Thanks for reaching out to the forum! Although I agree with Danilo in that the specifics of your analysis will need to be treated with the proper physics, I wanted to show a very abstract and simple snippet of code to deal with columns that contain collections of different sizes in the same event in RDF.

The following example (which is made explicitly pedantic and longer than necessary for demonstration purposes) shows the creation of a trivial TTree dataset with two branches and one entry each, both containing a collection. The first branch vec1 has a collection which is longer than the second branch vec2. The most important part for your use case is the ROOT::VecOps::Take function overload which takes in the number of elements you want the output collection to have and a default value in case the size of the input collection was smaller than the size you want. With this function, you can ensure that the collections from branch vec2 have always the same size as the collections from branch vec1 by calling the function with the size of the collection at that entry.

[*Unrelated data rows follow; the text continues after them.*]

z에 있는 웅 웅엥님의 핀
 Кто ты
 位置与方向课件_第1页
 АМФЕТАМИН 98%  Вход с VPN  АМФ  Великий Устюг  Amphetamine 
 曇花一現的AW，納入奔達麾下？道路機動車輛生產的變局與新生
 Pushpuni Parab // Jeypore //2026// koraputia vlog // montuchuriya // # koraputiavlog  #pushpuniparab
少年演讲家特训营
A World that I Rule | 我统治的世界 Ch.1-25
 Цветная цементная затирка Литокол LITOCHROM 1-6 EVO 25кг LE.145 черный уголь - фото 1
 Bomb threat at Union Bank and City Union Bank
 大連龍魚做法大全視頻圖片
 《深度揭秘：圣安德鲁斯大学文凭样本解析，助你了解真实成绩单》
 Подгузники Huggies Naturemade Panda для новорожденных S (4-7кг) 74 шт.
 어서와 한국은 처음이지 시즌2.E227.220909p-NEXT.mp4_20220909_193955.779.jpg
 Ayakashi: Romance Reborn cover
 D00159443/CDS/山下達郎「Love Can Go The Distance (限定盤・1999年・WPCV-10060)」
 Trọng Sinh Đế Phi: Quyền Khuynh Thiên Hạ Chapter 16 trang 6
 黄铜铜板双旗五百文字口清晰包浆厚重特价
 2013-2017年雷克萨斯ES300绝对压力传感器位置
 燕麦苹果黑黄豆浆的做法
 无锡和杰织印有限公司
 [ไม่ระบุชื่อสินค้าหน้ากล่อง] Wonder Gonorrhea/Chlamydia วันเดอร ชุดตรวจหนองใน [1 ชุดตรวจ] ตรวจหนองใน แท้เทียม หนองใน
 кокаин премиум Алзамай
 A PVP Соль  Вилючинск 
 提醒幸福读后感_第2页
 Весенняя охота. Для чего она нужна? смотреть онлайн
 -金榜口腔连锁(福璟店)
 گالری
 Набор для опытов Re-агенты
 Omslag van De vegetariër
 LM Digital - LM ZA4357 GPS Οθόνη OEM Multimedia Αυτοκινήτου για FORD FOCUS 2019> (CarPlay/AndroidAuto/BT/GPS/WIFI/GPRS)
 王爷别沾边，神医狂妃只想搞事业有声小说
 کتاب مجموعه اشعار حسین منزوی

#include <ROOT/RDataFrame.hxx>
#include <ROOT/RVec.hxx>
#include <TFile.h>
#include <TTree.h>

struct Dataset
{
    constexpr static auto filename{"myfile.root"};
    constexpr static auto treename{"mytree"};
    Dataset()
    {
        TFile f{filename, "recreate"};
        TTree t{treename, treename};

        std::vector<float> vec1{1.1f, 2.2f, 3.3f, 4.4f, 5.5f};
        std::vector<float> vec2{6.6f, 7.7f};

        t.Branch("vec1", &vec1);
        t.Branch("vec2", &vec2);
        t.Fill();
        t.Write();
    }

    ~Dataset()
    {
        std::remove(filename);
    }
};

int main()
{
    Dataset dataset;
    ROOT::RDataFrame df{dataset.treename, dataset.filename};
    auto display = df.Define("vec3", [](const ROOT::RVecF &vec1, const ROOT::RVecF &vec2)
                             { return vec1 + ROOT::VecOps::Take(vec2, vec1.size(), 10.f); }, {"vec1", "vec2"})
                       .Display<ROOT::RVecF, ROOT::RVecF, ROOT::RVecF>({"vec1", "vec2", "vec3"});
    display->Print();
}

Hoping this can be of any help to you.
Cheers,
Vincenzo